Data shown:
━━━━━━━━━━

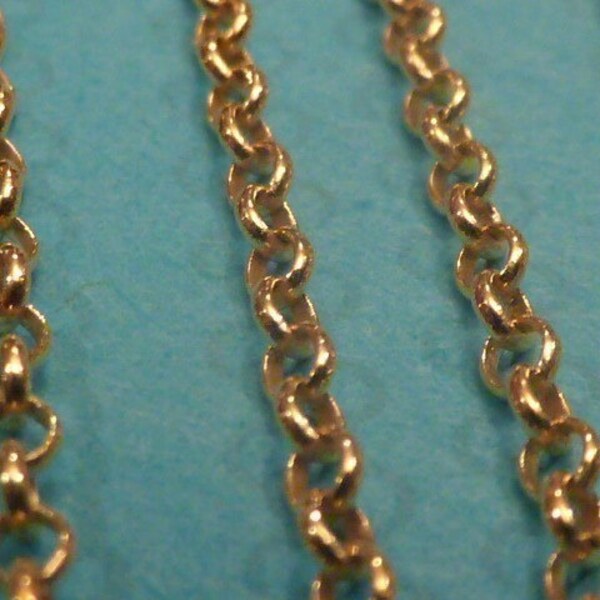 4 ft 2 mm gold vermeil bulk unfinished rolo link chain (gold plated sterling silver)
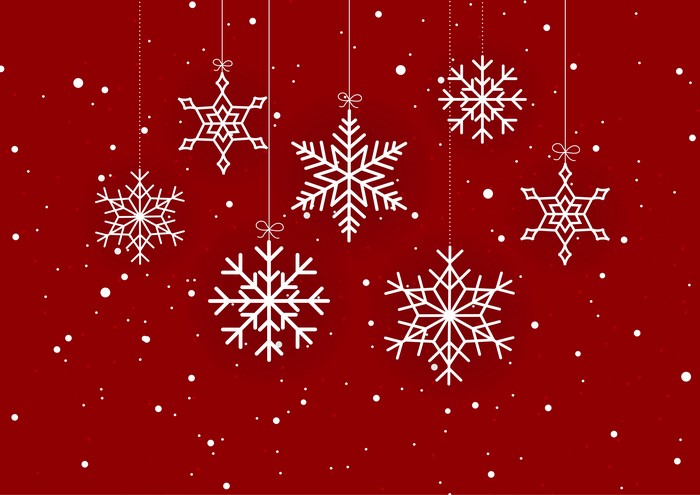 Christmas snowflakes on red background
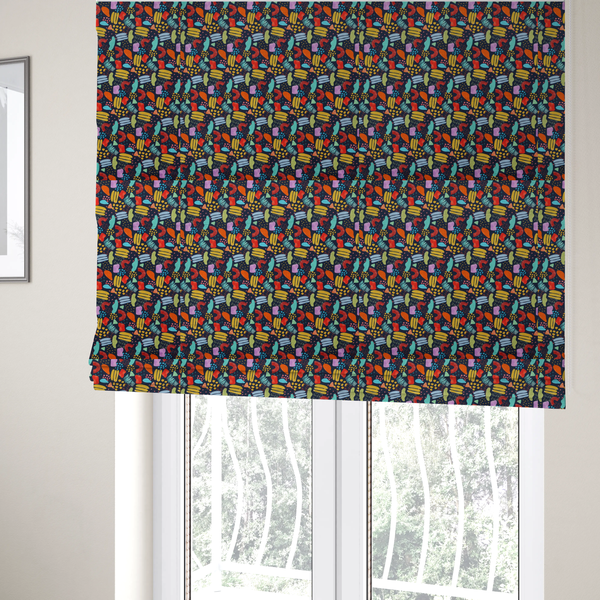 The fabric used to create these Roman blinds is a fabric features a lively, abstract pattern set against a deep navy background. The design is filled with a dense, colourful array of hand-drawn shapes, including squiggles, small arches, and organic blobs in a vibrant palette of yellow, red, orange, teal, light blue, and purple.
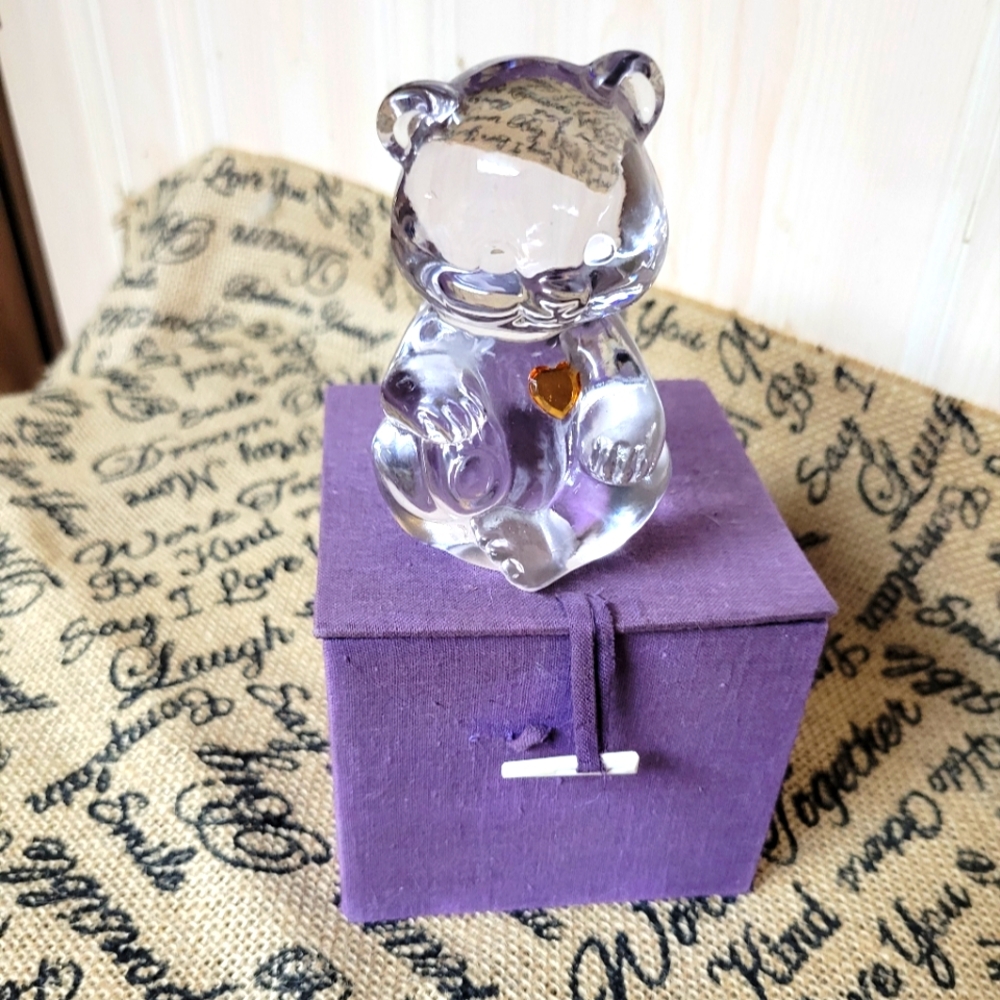 Vintage Fenton November Topaz birthstone crystal bear comes with box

━━━━━━━━━━

About this task: Lines from the start of the listing above through the line holding "Christmas snowflakes on red background" are to be duplicated exactly, and nothing more; leave out the pictures.

Solution:
 4 ft 2 mm gold vermeil bulk unfinished rolo link chain (gold plated sterling silver)
 Christmas snowflakes on red background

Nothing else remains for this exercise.